• **WHAT IS NEEDED**: Please retype all of the entries that follow, leaving the images out.

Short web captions
◇ ◇ ◇ ◇ ◇
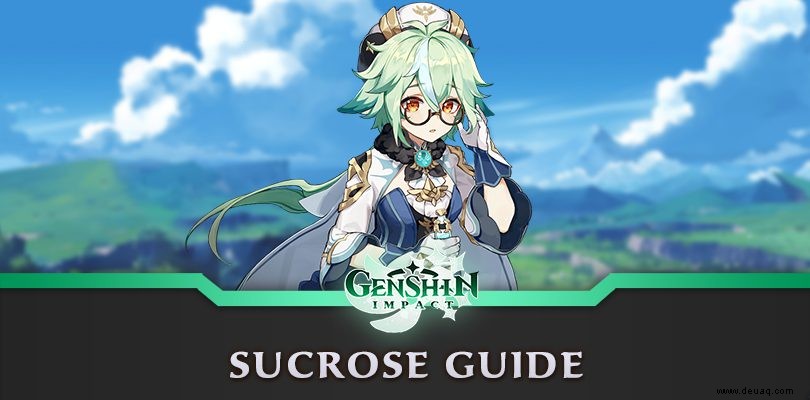 Genshin Impact Sucrose Guide:Bauen, Waffen und Artefakte 
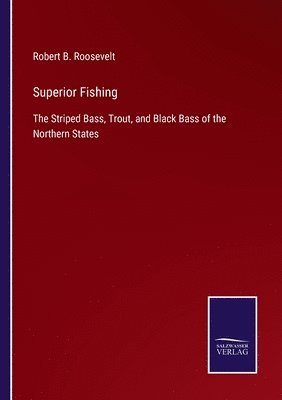 Superior Fishing 1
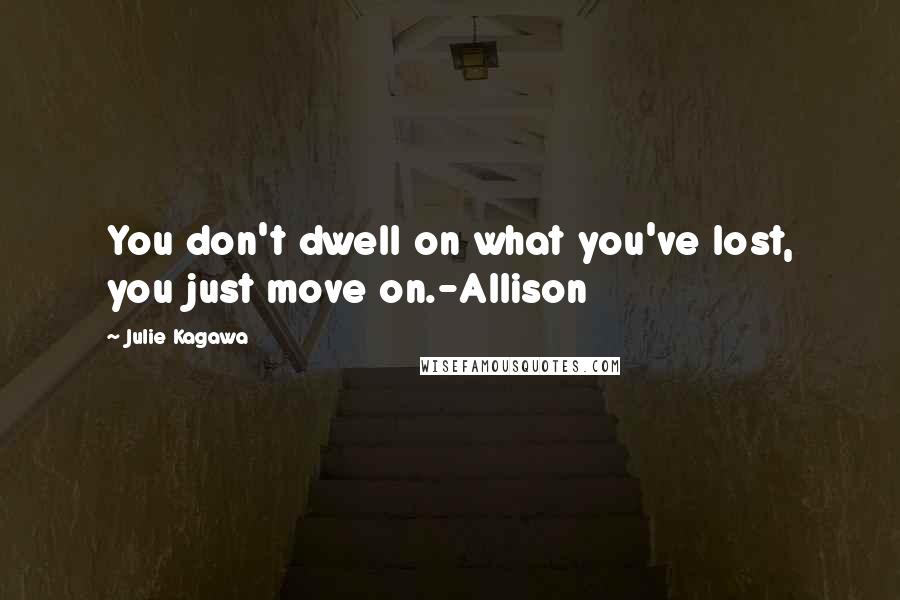 Julie Kagawa Quotes: You don't dwell on what you've lost, you just move on.-Allison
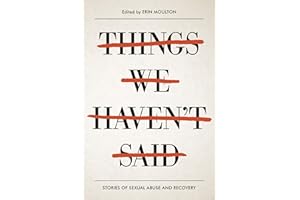 Things We Haven't Said: Sexual Violence Survivors Speak Out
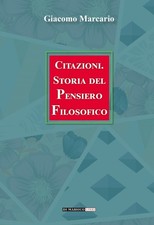 Citazioni. Storia del pensiero filosofico - [Di Marsico Libri]
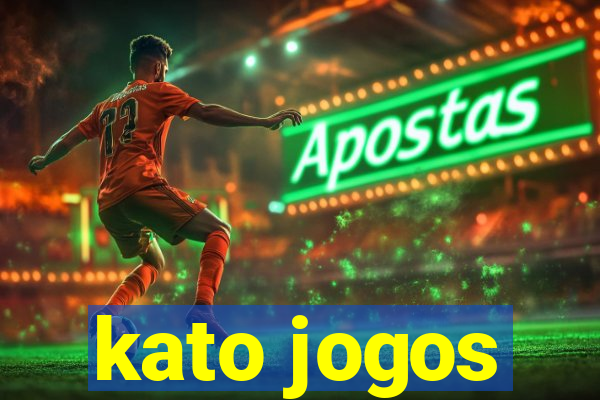 kato jogos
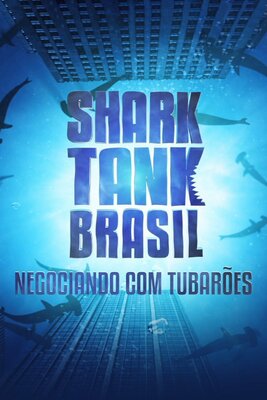 Shark Tank Brasil: Negociando com Tubarões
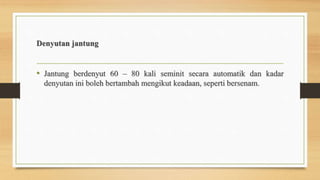 Denyutan jantung
• Jantung berdenyut 60 – 80 kali seminit secara automatik dan kadar
denyutan ini boleh bertambah mengikut keadaan, seperti bersenam.
 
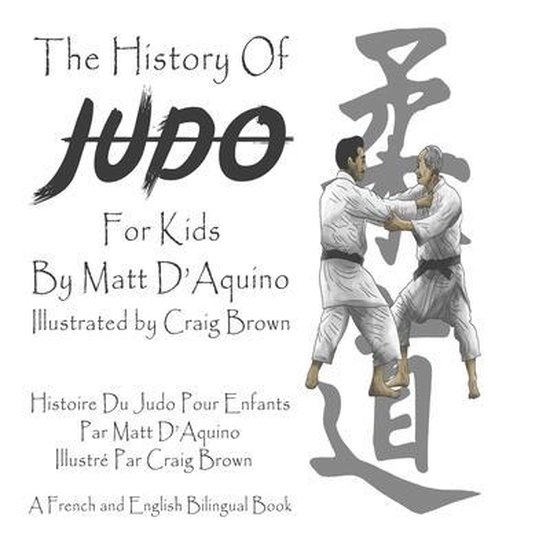 History of Judo For Kids (English French Bilingual book) - cover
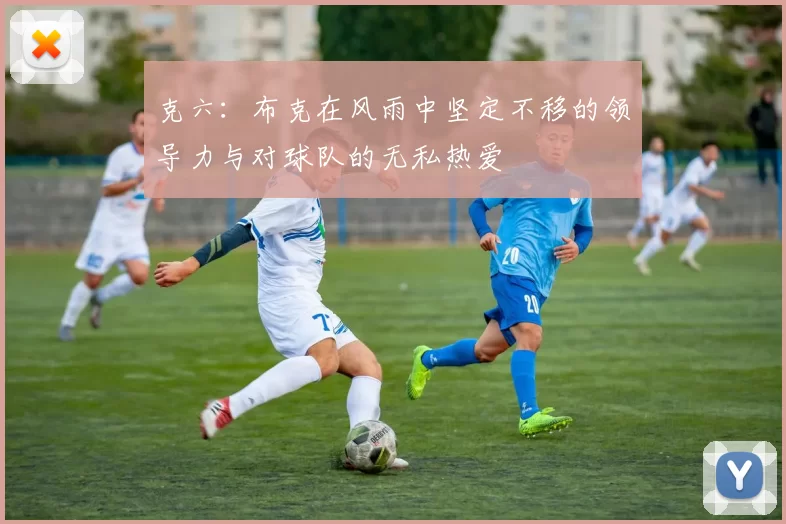 克六：布克在风雨中坚定不移的领导力与对球队的无私热爱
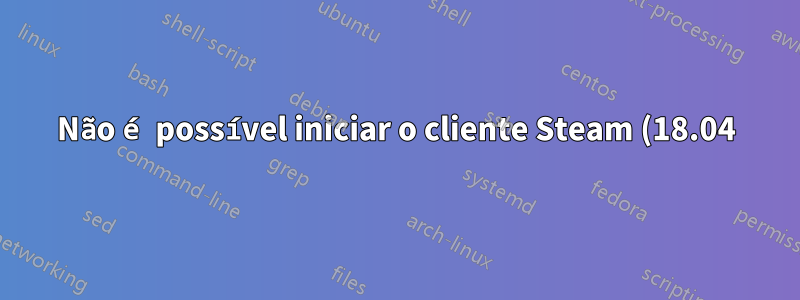 Não é possível iniciar o cliente Steam (18.04)
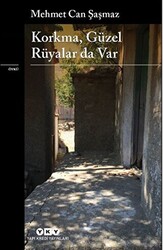 Korkma, Güzel Rüyalar da Var - 1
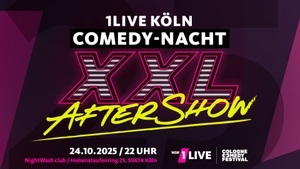 1LIVE Köln Comedy-Nacht XXL – AFTERSHOW PARTY mit Özcan Cosar, Bastian Bielendorfer, Tony Bauer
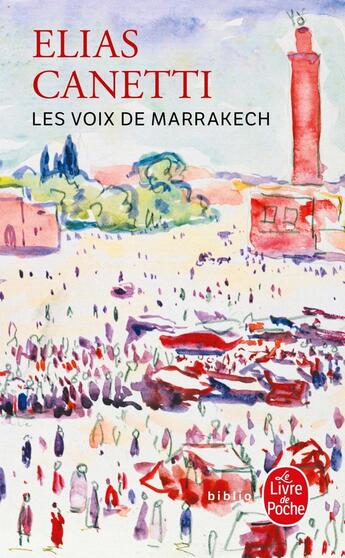 Couverture du livre « Les voix de Marrakech » de Elias Canetti aux éditions Le Livre De Poche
◇ ◇ ◇ ◇ ◇
• **YOUR RESPONSE**:
 Genshin Impact Sucrose Guide:Bauen, Waffen und Artefakte 
 Superior Fishing 1
 Julie Kagawa Quotes: You don't dwell on what you've lost, you just move on.-Allison
 Things We Haven't Said: Sexual Violence Survivors Speak Out
 Citazioni. Storia del pensiero filosofico - [Di Marsico Libri]
 kato jogos
 Shark Tank Brasil: Negociando com Tubarões
 Denyutan jantung
• Jantung berdenyut 60 – 80 kali seminit secara automatik dan kadar
denyutan ini boleh bertambah mengikut keadaan, seperti bersenam.
 
 History of Judo For Kids (English French Bilingual book) - cover
 克六：布克在风雨中坚定不移的领导力与对球队的无私热爱
 Não é possível iniciar o cliente Steam (18.04)
 Korkma, Güzel Rüyalar da Var - 1
 1LIVE Köln Comedy-Nacht XXL – AFTERSHOW PARTY mit Özcan Cosar, Bastian Bielendorfer, Tony Bauer
 Couverture du livre « Les voix de Marrakech » de Elias Canetti aux éditions Le Livre De Poche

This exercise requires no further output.